Gli Stati Uniti vogliono Blair in Palestina
22 Giugno 2007
Risolvere la questione mediorientale. Potrebbe essere la prossima, affascinante e impegnativa avventura politica di Tony Blair, che il 27 giugno lascerà Downing Street e la carica di Primo ministro britannico dopo 10 anni.
L’idea è nata a Washington: fare di Blair il nuovo inviato in Medioriente del Quartetto (Usa, Ue, Russia, Onu). Un candidato di prestigio, per rilanciare il ruolo dei Grandi nella questione palestinese. Forse il presidente George W. Bush aveva già valutato l’ipotesi di offrire la carica all’amico Tony, destinato a una lunga pensione; di sicuro, l’inasprimento delle tensioni nella Striscia di Gaza lo ha convinto a esercitare, negli ultimi giorni, un forte pressing sull’ormai ex Primo ministro britannico, per convincerlo ad accettare questa nuova sfida non appena avrà lasciato Downing Street. Sembra che il vicesegretario di Stato per il Vicino oriente, David Welch, si sia recato a Londra mercoledì.
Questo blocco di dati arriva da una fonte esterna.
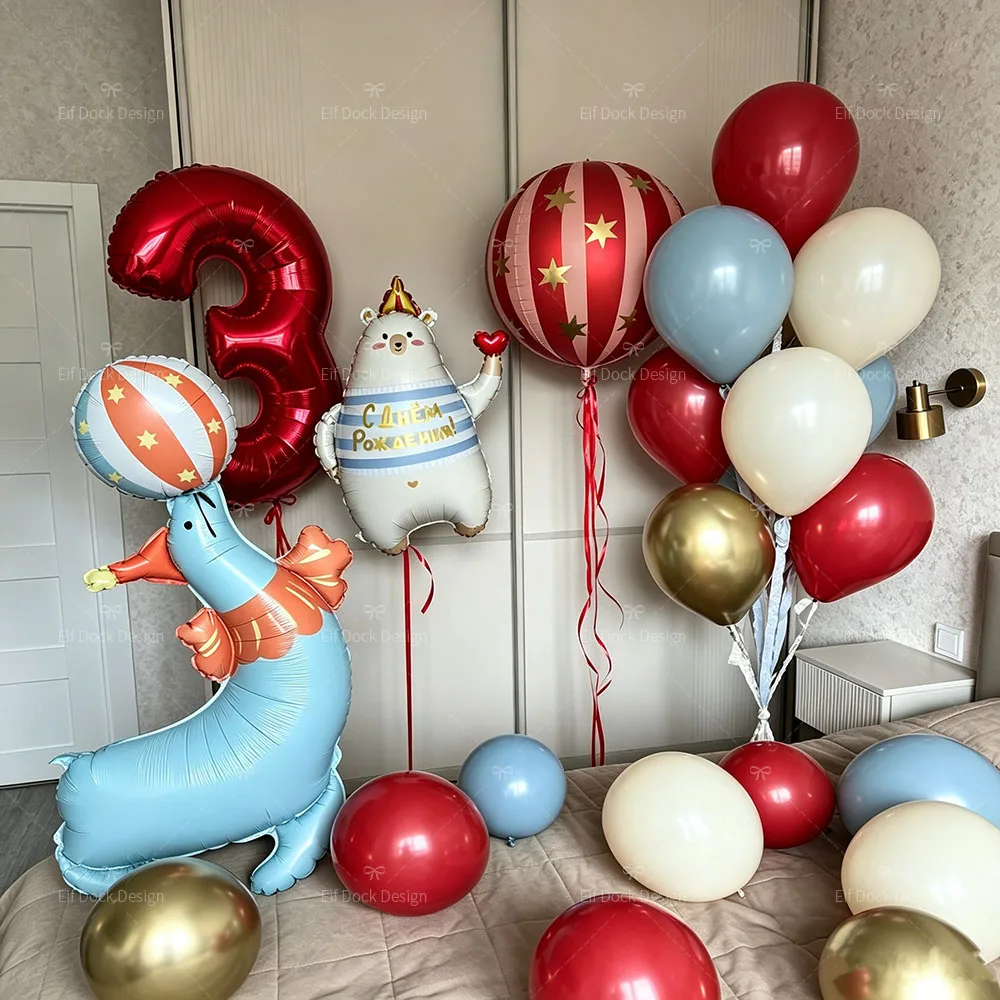 24-teiliges Zirkus-Themen-Set mit Stehenden Seelöwen und Bären Folienballons, Rote Zahlen für Geburtstagsfeier, Jubiläumsdekoration, Partyzubehör und Geschenke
Per sancire il nuovo incarico di Blair. E rinnovare la sua intesa con Bush.
Parlando con un giornalista della Bbc, fonti governative statunitensi rimaste anonime avrebbero assicurato che ci sarebbe già il beneplacito di israeliani e palestinesi. Da Gerusalemme, la portavoce del governo, Miri Eisin, ha fatto arrivare l’assenso di Ehud Olmert. Il problema, semmai, sarà quello di capire quanto possa essere “forte” la candidatura di Blair tra i Paesi arabi, abituati negli ultimi anni all’appiattimento della posizione britannica su quella statunitense. Iraq, Afghanistan e Libano non hanno certamente giovato alla popolarità del primo ministro britannico, peraltro scalfita anche in patria. Altro ostacolo, si sussurra in Europa, potrebbe rivelarsi l’opposizione della Russia, visti i rapporti tesi tra Londra e Mosca dopo il caso Litvinenko.
E’ probabile che Blair aspetterà di lasciare il suo incarico per dare una risposta definitiva. L’immagine di “uomo della pace mediorientale”, dopo le critiche subite per gli interventi militari a fianco degli Stati Uniti, potrebbe convincerlo ad accettare la sfida. A rischio fallimento: il Quartetto è orfano dall’aprile dello scorso anno, quando l’ex presidente della Banca mondiale, James Wolfensohn, rinunciò all’incarico di inviato speciale “per frustrazione”. Wolfenshohn aveva cercato di far crescere l’economia a Gaza, dopo il ritiro israeliano del 2005. Ma si accorse che il boicottaggio internazionale nei confronti dei palestinesi, in seguito alla vittoria elettorale di Hamas nel gennaio successivo, rendeva impossibile il suo lavoro. Blair farà bene a valutare con attenzione la proposta, soprattutto dopo gli ultimi avvenimenti: il panorama politico palestinese è ancor più complicato di 14 mesi fa. Cosa andrebbe a fare e con quali obiettivi, poi, resta tutto da capire.
A 54 anni e 52 giorni, Blair diventerà “un pensionato d’oro”. E l’idea sembra già annoiarlo. Ma varrà la pena rinunciarci?